Nokia reported second-quarter results in line with its reduced targets, with revenues up 1 percent from a year ago to EUR 10.0 billion and EPS falling 40 percent to EUR 0.06. The Devices & Services division posted sales up 3 percent to EUR 6.8 billion, in line with the outlook issued in June for a result at the low end of the earlier guided range of EUR 6.7-7.2 billion. The handset division's adjusted operating margin fell to 9.5 percent from 12.2 percent a year ago, and operating profit including exceptional items tumbled 16 percent to EUR 643 million. Nokia said the adjusted operating margin for the full year is now estimated at 10-11 percent, after the profit warning in June called for a margin at the low end or below the earlier range of 11-13 percent. Nokia said the upside is the market continues to show healthy growth, especially in less-mature markets where the company is strong.

The Finnish group shipped 111.1 million phones in the quarter, up 8 percent from a year ago and up 3 percent from Q1. That was below the estimated market growth of 14 percent year-on-year and 5 percent sequentially. With the market shipping an estimated 338 million phones in the quarter, Nokia's market share was at 33 percent, in line with Q1. Smartphone market share was also stable, at 41 percent, with Nokia shipments up 42 percent year-on-year and 12 percent from Q1 at 24.0 million. Despite the gowth in high-end devices, Nokia's average selling price fell to EUR 61 from EUR 64 a year ago and EUR 62 in Q1, due to price pressure and a higher proportion of lower-priced smartphones. The smartphone ASP fell 21 percent from a year ago to EUR 143. Nokia maintained its outlook for market volumes to grow around 10 percent this year, while its own market share should be unchanged in volume terms and slightly lower in value terms. The company forecast Q3 sales at the Devices & Services division of EUR 6.7-7.2 billion., and an adjusted operating margin of 7-10 percent. The group confirmed that the N8 will start shipping at the end of Q3, to be followed shortly by additional Symbian^3 devices.
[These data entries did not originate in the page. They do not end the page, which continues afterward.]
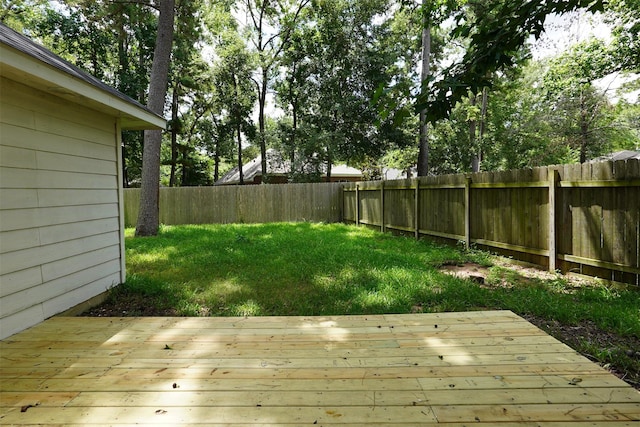 105 N Hollylaurel Cir, The Woodlands, TX 77382 - fenced backyard featuring a deck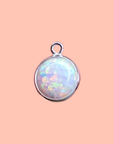 Opal pendant with silver setting on a pink background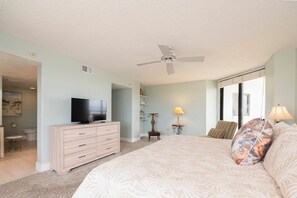 A bedroom with a bed, a television on a dresser, a ceiling fan, and a window with blinds. - #306 Seychelles 2/2 Southeast Corner Oceanfront Condo on Traffic Free Beach (Daytona Beach Shores)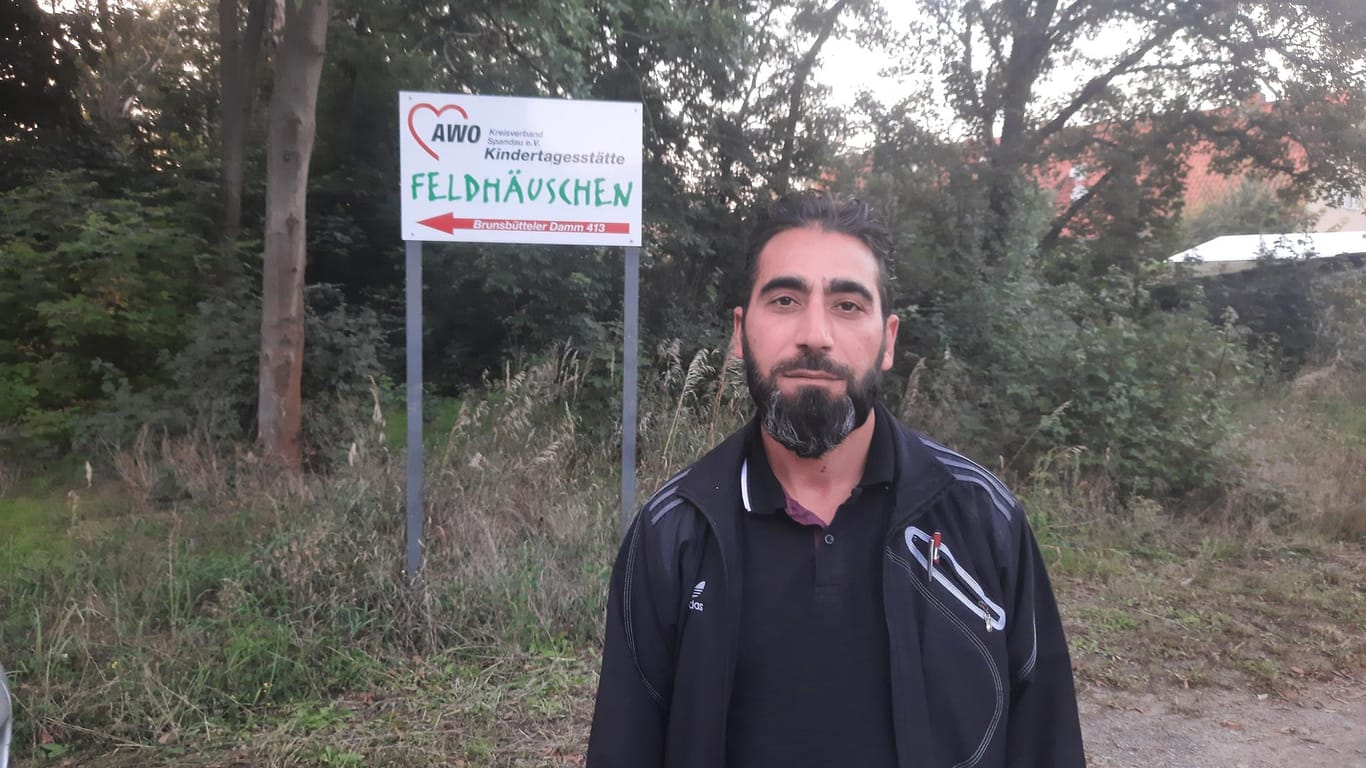 Vater Mehmet Yilmaz steht vor dem Schild der Kindertagesstätte seiner Tochter: Er will Auffälligkeiten an seinem Kind bemerkt haben.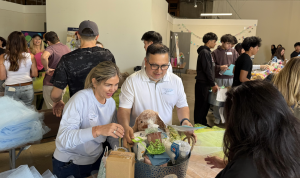 Volunteers come together to pack spring care baskets for families in need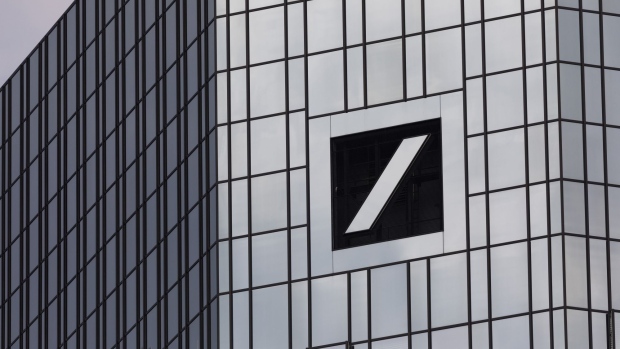 The Deutsche Bank AG logo sits on the bank's headquarters in Frankfurt, Germany, on Wednesday, July 25, 2018. Deutsche Bank vowed to maintain its position in fixed-income trading after recording its weakest second quarter in that business since the global financial crisis, as Chief Executive Officer Christian Sewing accelerates the lender’s turnaround effort. 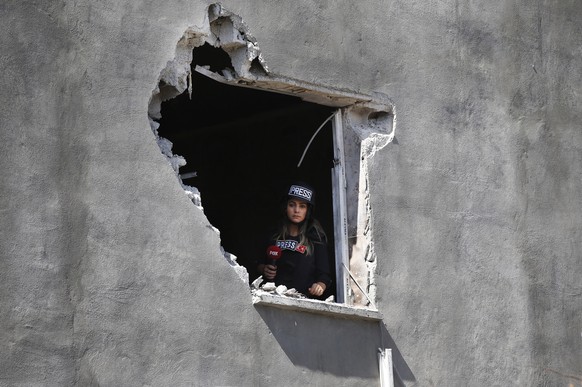 A journalist looks out of an hole on a house that was damaged by a mortar fired from inside Syria, on the Turkish town of Akcakale, southeaster, Turkey, Saturday, Oct. 12, 2019.Nobody got hurt by the  ...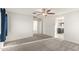 Bright bedroom features neutral carpet, ceiling fan, and doorways to the en suite and another room at 1255 N Banning --, Mesa, AZ 85205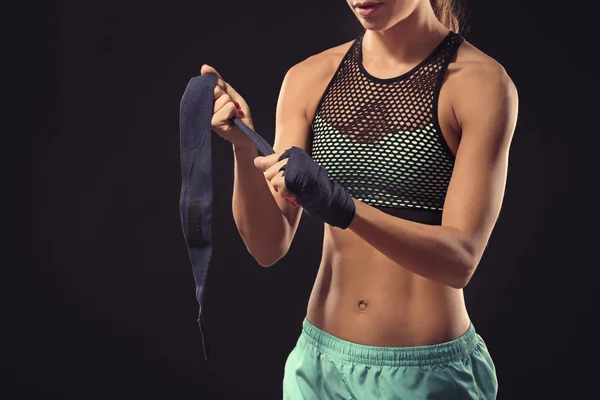 Boxer woman applying wrist wraps on black background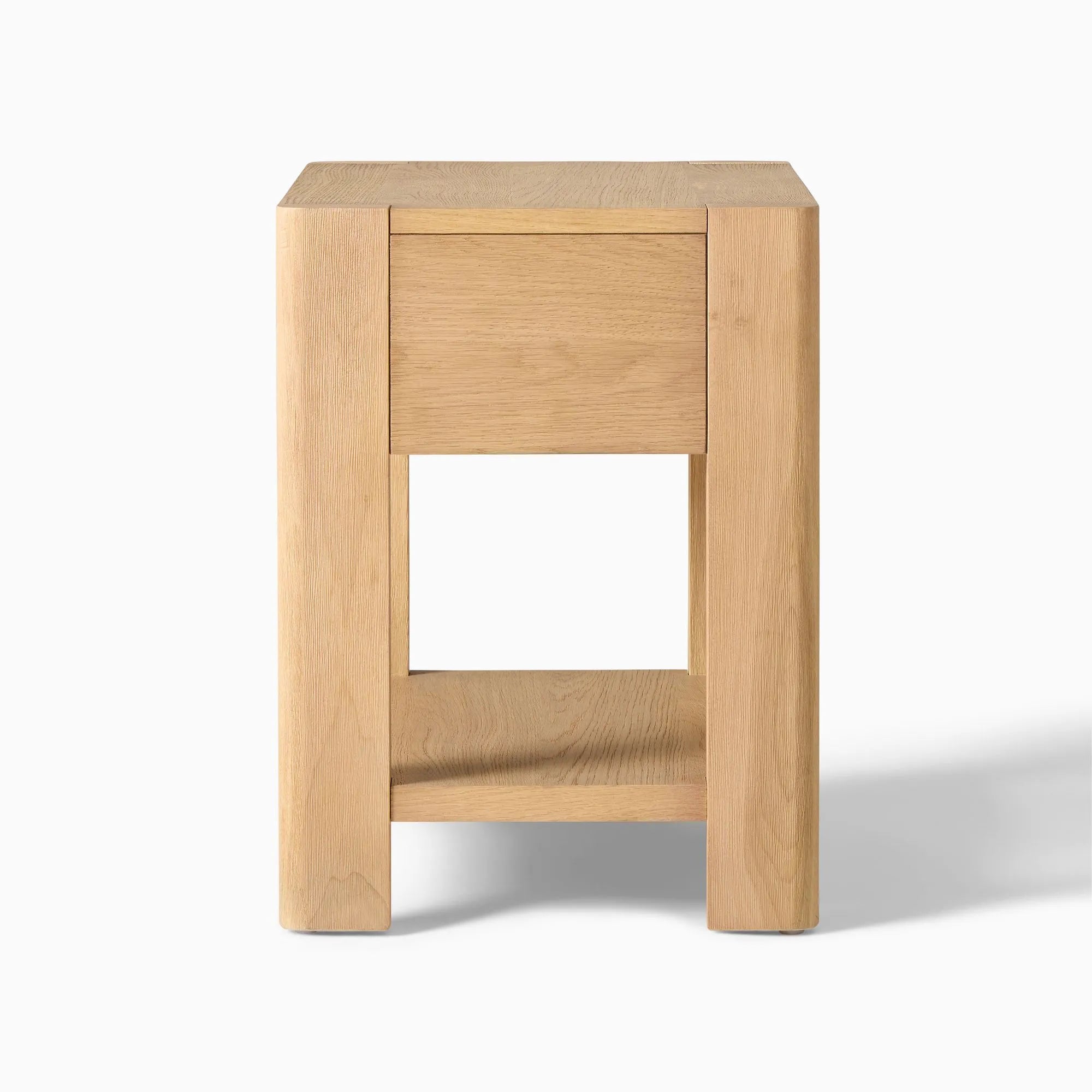 Elegant bedroom nightstand storage, featuring a drawer and open shelf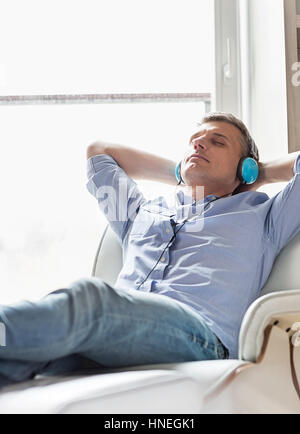 Homme d'âge moyen de détente à écouter de la musique à la maison Banque D'Images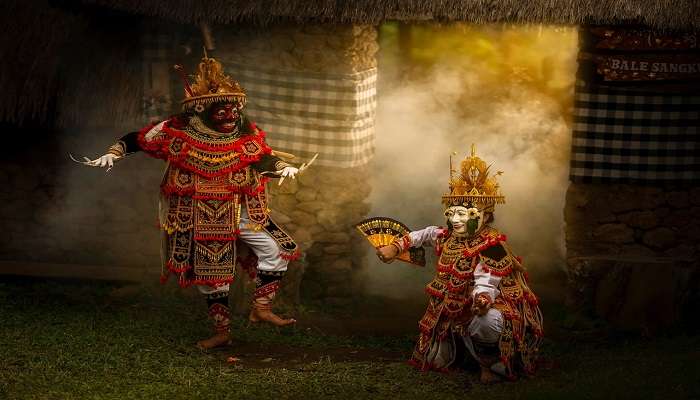 A group of beautiful Balinese dancers against an Asian travel background, representing the cultural richness of Bali that you can experience at Peliatan Palace.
The company downgraded its outlook for Nokia Siemens Networks, saying it now expects the network equipment company to maintain its market share in 2010 rather than outpace the market. The market outlook was maintained at flat in euro terms. NSN recorded Q2 sales of EUR 3.0 billion, down 5 percent from a year ago, while the operating loss showed little improvement at EUR 179 million versus EUR 188 million last year. The company blamed the results on delays in orders in India due to the new security regulations there as well as component shortages; both of these situations are expected to improve in Q3. NSN's adjusted operating margin is still forecast at 2 percent for 2010, versus 1.7 in Q2. Sales for Q3 were forecast at EUR 2.7-3.1 billion, with the margin ranging from a negative 2 percent to a positive 2 percent.

At Navteq, sales were up 71 percent from a year earlier to EUR 252 million, benefiting from improved conditions in the automotive industry and growth in mobile device sales. The operating loss decreased to EUR 81 million, compared with EUR 100 million in the second quarter 2009.